El de Barack Obama fue la promesa de sanar las heridas de un país dividido por la brecha racial.
El de Joe Biden, el de restaurar el alma de un país asolado por el caos generado por la presidencia de Donald Trump.
Kamala ha sido caricaturizada por Trump como una candidata líquida y rendida a los dogmas de la radicalidad woke, incapaz siquiera de decidir si es negra o asiática, de carácter débil y condenada a ceder frente a los Putin, Xi Jinping y Alí Jamenei, tiranos con una visión mucho más cruda y despiadada de la geopolítica que la suya.
También la ha caricaturizado como una radical de izquierdas, algo a lo que ella ha contribuido con el que quizá sea el primer error de su campaña electoral. La promesa de imponer un control de precios a los alimentos, una medida más propia de países como Cuba o Venezuela y que transmite la idea de unos EE. UU. asolados por la pobreza.
Pero quizá el mayor hándicap de su campaña sea este sencillo dato: el Partido Demócrata ha ocupado la Casa Blanca doce de los últimos dieciséis años. Así que cuando Kamala Harris dice que va a arreglar la economía, solucionar el problema de la vivienda o reducir la inflación, cabe preguntarse quién estropeó todo eso en un primer momento.
¿Por qué Kamala, en fin, no arregló como vicepresidenta lo que ahora promete enmendar como candidata? ¿Y qué logros personales la avalan en su promesa?
Pero Kamala ha conseguido algo muy importante durante estos cuatro días de la convención del Partido Demócrata en Chicago. Unir a todas las familias del partido, desde las más centradas a las más radicales, en torno a su figura. También ha conseguido el apoyo de las dos ‘familias reales’ del Partido Demócrata, la de los Obama y la de los Clinton, e, incluso más importante que ello, el de los donantes del partido.
Trump ha perdido momentum y las encuestas parecen haber dado un vuelco en favor de Kamala Harris.
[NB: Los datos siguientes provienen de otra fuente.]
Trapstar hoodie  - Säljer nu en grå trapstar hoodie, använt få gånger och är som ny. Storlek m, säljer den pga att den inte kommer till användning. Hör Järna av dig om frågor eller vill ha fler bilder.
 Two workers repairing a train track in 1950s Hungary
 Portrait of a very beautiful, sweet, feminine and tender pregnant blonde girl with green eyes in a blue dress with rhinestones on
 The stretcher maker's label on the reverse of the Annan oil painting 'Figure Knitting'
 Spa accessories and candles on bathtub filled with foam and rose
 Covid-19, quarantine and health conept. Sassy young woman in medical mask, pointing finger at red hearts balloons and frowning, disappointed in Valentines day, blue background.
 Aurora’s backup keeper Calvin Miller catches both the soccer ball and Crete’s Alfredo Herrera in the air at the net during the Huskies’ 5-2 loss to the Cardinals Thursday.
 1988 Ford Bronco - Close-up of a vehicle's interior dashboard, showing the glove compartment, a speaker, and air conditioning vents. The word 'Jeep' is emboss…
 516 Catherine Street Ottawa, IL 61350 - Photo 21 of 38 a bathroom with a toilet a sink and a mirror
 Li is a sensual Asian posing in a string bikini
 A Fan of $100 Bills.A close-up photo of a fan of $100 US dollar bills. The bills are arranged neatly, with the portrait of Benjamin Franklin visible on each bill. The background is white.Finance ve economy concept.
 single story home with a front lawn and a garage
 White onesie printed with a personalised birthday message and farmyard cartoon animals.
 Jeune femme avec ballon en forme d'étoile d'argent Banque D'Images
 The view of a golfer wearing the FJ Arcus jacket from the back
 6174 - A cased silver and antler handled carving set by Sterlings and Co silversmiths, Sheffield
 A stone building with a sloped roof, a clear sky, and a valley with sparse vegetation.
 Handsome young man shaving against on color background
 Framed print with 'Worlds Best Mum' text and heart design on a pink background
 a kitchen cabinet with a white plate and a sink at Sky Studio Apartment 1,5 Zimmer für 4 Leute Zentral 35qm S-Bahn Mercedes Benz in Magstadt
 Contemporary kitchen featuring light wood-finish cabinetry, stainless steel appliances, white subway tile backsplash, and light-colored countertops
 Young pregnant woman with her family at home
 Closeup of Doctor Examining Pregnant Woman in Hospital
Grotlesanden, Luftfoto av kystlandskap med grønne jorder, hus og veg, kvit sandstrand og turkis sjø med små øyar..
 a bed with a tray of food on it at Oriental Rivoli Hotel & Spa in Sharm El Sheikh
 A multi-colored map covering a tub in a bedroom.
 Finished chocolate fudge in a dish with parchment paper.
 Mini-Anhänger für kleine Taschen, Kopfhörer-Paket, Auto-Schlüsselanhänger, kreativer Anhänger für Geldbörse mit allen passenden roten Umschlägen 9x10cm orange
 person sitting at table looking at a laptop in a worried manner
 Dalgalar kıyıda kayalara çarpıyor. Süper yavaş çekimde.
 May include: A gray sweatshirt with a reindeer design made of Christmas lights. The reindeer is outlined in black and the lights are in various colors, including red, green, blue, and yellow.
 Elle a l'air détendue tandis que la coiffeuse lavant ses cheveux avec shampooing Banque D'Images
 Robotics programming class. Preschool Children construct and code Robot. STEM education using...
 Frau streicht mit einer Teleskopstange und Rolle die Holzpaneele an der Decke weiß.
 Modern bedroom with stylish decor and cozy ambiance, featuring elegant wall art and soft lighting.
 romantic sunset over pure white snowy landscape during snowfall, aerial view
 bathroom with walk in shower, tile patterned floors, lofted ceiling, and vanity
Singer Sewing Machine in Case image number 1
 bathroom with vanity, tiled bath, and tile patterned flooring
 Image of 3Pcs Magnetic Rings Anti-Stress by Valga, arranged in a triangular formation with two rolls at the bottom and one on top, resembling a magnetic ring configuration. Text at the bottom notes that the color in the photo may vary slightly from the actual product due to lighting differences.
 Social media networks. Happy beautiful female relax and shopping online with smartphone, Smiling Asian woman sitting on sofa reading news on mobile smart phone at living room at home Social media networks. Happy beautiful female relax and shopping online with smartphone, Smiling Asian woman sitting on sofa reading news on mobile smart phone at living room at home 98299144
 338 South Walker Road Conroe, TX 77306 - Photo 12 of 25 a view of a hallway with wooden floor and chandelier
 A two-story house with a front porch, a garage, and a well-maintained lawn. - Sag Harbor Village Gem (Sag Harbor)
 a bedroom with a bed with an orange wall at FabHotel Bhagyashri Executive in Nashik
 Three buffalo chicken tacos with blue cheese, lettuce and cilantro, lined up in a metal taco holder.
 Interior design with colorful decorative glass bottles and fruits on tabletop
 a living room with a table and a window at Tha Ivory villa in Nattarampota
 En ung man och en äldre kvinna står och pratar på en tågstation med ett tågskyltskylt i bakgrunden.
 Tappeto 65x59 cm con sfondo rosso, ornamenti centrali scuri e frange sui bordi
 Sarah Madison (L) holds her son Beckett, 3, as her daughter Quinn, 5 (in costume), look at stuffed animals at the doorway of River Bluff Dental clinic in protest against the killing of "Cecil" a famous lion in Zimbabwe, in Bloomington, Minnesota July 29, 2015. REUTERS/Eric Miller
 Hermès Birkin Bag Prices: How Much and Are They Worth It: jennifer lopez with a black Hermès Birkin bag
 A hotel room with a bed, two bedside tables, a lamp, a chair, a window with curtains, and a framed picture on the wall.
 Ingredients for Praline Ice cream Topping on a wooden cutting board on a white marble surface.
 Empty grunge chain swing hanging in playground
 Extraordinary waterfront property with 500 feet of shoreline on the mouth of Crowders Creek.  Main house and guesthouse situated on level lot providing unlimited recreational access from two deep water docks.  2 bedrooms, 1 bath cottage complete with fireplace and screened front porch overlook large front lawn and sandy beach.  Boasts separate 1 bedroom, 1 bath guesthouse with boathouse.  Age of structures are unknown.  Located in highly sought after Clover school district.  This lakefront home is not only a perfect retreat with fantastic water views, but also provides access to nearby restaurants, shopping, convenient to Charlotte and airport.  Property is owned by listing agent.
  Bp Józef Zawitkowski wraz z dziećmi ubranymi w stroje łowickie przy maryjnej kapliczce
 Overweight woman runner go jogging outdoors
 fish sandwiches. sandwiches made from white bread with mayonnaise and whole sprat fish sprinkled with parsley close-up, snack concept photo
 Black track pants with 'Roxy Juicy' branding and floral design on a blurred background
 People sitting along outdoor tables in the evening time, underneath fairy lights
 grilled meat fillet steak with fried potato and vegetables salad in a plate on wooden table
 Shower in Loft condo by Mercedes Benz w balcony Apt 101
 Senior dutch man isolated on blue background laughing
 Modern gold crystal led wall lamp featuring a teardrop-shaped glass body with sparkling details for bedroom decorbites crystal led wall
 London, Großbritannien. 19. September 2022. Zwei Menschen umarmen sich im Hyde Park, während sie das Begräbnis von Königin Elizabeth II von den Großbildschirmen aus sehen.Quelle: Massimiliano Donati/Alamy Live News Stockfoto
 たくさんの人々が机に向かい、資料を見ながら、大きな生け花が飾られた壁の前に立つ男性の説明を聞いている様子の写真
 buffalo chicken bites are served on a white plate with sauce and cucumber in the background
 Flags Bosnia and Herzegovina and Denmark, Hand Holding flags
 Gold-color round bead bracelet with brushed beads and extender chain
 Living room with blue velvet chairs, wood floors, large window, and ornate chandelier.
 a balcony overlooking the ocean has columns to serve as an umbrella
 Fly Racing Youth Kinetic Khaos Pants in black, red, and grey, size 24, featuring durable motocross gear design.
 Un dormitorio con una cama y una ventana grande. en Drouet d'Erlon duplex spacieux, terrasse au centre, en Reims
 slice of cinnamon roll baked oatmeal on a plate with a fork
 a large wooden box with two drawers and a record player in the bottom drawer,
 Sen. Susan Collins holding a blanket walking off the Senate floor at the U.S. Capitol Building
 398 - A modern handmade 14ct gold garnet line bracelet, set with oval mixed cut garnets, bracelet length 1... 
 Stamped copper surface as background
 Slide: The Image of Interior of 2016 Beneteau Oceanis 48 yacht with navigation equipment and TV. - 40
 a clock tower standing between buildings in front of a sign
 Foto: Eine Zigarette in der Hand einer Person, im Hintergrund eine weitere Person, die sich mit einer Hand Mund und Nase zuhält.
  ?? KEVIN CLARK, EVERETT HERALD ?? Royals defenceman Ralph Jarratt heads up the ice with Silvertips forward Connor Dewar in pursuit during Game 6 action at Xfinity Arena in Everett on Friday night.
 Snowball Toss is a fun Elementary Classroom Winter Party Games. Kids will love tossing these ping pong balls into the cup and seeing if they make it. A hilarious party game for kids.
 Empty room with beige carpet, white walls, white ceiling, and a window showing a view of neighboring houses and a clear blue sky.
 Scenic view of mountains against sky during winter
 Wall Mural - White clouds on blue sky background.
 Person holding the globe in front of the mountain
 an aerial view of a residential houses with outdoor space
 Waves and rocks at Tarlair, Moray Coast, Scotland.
Pero la candidata demócrata no ha llegado todavía a la Casa Blanca y lo cierto es que el arrinconamiento al que la ha sometido Biden durante los últimos cuatro años no la han beneficiado y puede que hayan oxidado su instinto político.
Kamala Harris no es, en fin, Joe Biden. La convención demócrata ha supuesto una inyección de optimismo y le ha dado a su campaña un enorme impulso de arranque. Pero a partir de hoy toda la responsabilidad recae sobre sus hombros. Kamala ya no puede seguir escondiéndose, mostrando perfil bajo y rehuyendo los debates y las entrevistas.
A partir de ahora, las balas ya no son de fogueo. La buena noticia para los demócratas es que hay partido. La mala, que el terreno de juego se embarrará rápidamente.